All of that said, I find that the best thing in terms of benefits is the satisfaction that comes with creating something on your own. As physicians, we have pretty defined pathways for our career. We take one step after another like we’re supposed to, and with the way the system is set up, there isn’t always a lot of room for creativity. So for me, it has been great to develop something by myself and pursue something I’m passionate about on my own terms. I think that’s really exciting. Yes, it has developed into a business, but it’s also a hobby and a passion, and that’s great.
Have you ever heard of a physician’s employer not wanting them to work other jobs in their free time? Or is there ever a concern that colleagues will find it unprofessional?
Well, there are definitely people who are worried about what their employers or colleagues are going to think, but as long as it’s not detracting from the work you’re doing at your actual job, there isn’t really a lot of downside. I always advise people to check their contracts and make sure they aren’t violating an aspect of them, especially if their side gig is clinical.
My job has been really supportive of my writing and my speaking engagements. In some ways, I think it can actually be good publicity for your employer, if done appropriately.

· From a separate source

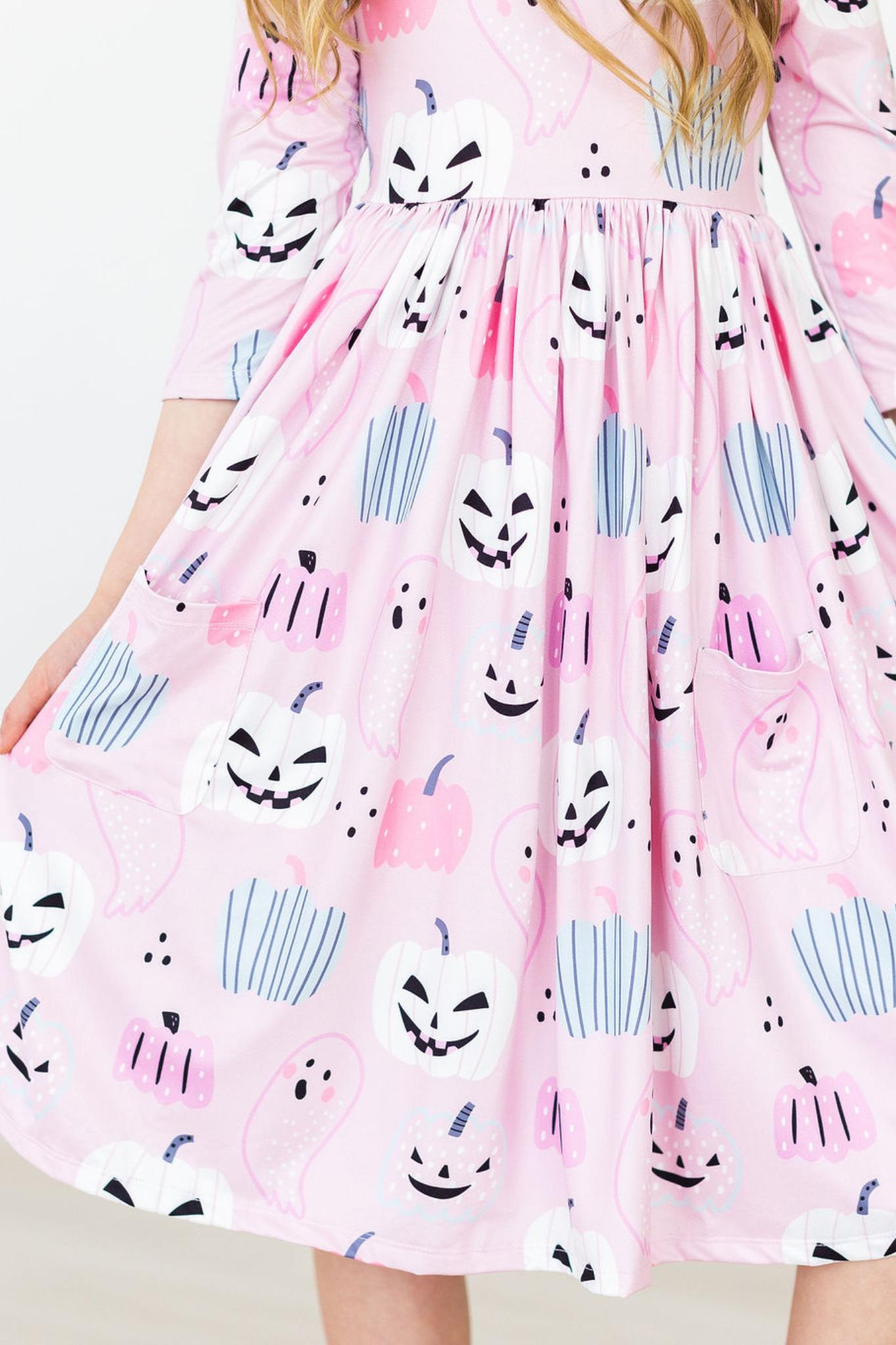 SALE Happy Haunting 3/4 Sleeve Pocket Twirl Dress - Blissfully Lavender BoutiqueMila & Rose ®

In terms of concerns about what your colleagues and others may think, I think you have to set your own terms for what you are comfortable with in terms of mixing the two lives. I know of physician finance bloggers who have chosen to maintain anonymity for various—very legitimate, in my mind—reasons. As physicians, we do worry a lot about perception, so I think people are careful about putting things out there when they first start out. They want to make sure it’s successful before they tell others. Even in my case, with my Physician Side Gigs group on Facebook, there were people who wanted to write about it, but I was hesitant and said no for a long time. In my mind, I wanted clear objectives and a certain legitimacy before it was out there for the world to see that I was doing it. I told myself that when we hit 10,000 physicians, I’d test the waters with an article or two. Fortunately, I’ve gotten a great response, and I’m really excited to talk about it now, because it’s causing even more physicians to join the conversations about side gigs, job flexibility, burnout and physician finances, and that’s a lot of what my writing and speaking is all about. But I was definitely apprehensive about doing it.
Do you have any advice for physicians who want to potentially pursue a side gig, but don’t know where to start?
Make sure you are really passionate about the side gig. You have to enjoy it. You’re going to be spending a lot of time on it, especially at the beginning, so you have to ask yourself what you want to spend your time doing and what you can stand behind. Also, your excitement will show, and go a long way towards getting others excited about it. Do your research, find your niche and put in the effort that you need to be successful.
If you need to brand yourself, invest time, energy, and money into developing that brand. If you need to figure out legal or tax implications, consult with an attorney. If you need coaching or to do some background research, do it. If you need to learn about investing or real estate, put that time in before you jump in head first. In that way, it’s no different than pursuing medicine; you need your fundamentals in place before you can apply them.
Lastly, use your networks! For example, if you’re a radiologist and want to do consulting work, reach out to the device companies and technology companies and see if they know of a need for physician expertise. It’s always easier to start when you have an inside track.